I stared at her, totally caught off guard. It’s not in my job description to argue with clients, so I said nothing, but I couldn’t disagree more.
Food is about everything, the way money is about everything. At its most fundamental it nourishes us physically, but also spiritually and emotionally. Eating good quality food is one of the most sensual experiences a human being can have. Food is about nurturing, family, and community, and it connects us to our Earth like nothing else. It is also political, about who has the power. So no, it’s NOT just food.
But the conversation with my client got me thinking. I don’t think she was completely wrong in her belief that there are more important things in life than what goes in your stomach.
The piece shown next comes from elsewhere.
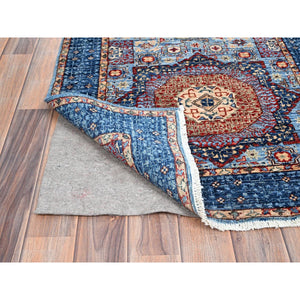 2'8"x15'4" Sapphire With Indigo Blue, Hand Knotted, 200 KPSI, 14th Century Mamluk Dynasty With Large Elements Design, Natural Dyes, 100% Wool XL Runner Oriental Rug FWR520554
There are. But I also couldn’t help thinking that she was missing the big picture. And I couldn’t help ruminating about why I’m working so doggedly for this new career when I already have a perfectly good one, and why I feel so strongly about eating whereas others don’t. Is having a passion for food any different from a passion for classical music or hockey? Or an obsession with certain members of the royal family? I’m not sure I have that answer. One thing I do know is that cooking has made us human and food is the one constant that can bring pleasure and beauty into our lives.
I’d like to think this understanding of food translates into my photography. I believe a plate of food can be seen as art and I try to capture it as such. But I also love food in an honest, candid state, which can mean missing bites, crumbs on the table. Not looking perfect, as it often does in real life. Looking a bit like this here tiramisu.
Kahlua and Callebaut Milk Chocolate Tiramisu
7 ounces/200g vanilla and chocolate ladyfinger biscuits
500 g/1 lb mascarpone cheese
3 egg yolks
1/3 cup Demerara sugar
2 cups strongly brewed coffee/espresso, cooled
6 tablespoons Kahlua
1/2 teaspoon vanilla
4 ounces/100g Callebaut milk chocolate, finely chopped
1) Beat together eggs and sugar in a large mixing bowl. Add cheese, vanilla, and 3 tablespoon sof Kahlua. Beat until creamy and well incorporated.
2) In another bowl, combine the coffee and other 3 tablespoons of Kahlua. Dip both sides of a ladyfinger into the coffee, working quickly so the biscuit does not fall apart, and place on the bottom of a rectangular 12×8-inch pan or dish. Repeat with the rest of the biscuits, creating 2 rows and ensuring there are no gaps.
3) Top with half the cream cheese mixture and sprinkle with 1/3 of the chocolate. Create a second layer with the rest of the coffee and ladyfingers. Sprinkle with the remaining chocolate.
4) Cover with plastic wrap and refrigerate for at least 6 hours or preferably overnight. Slice and serve with an extra sprinkling of chocolate, if desired.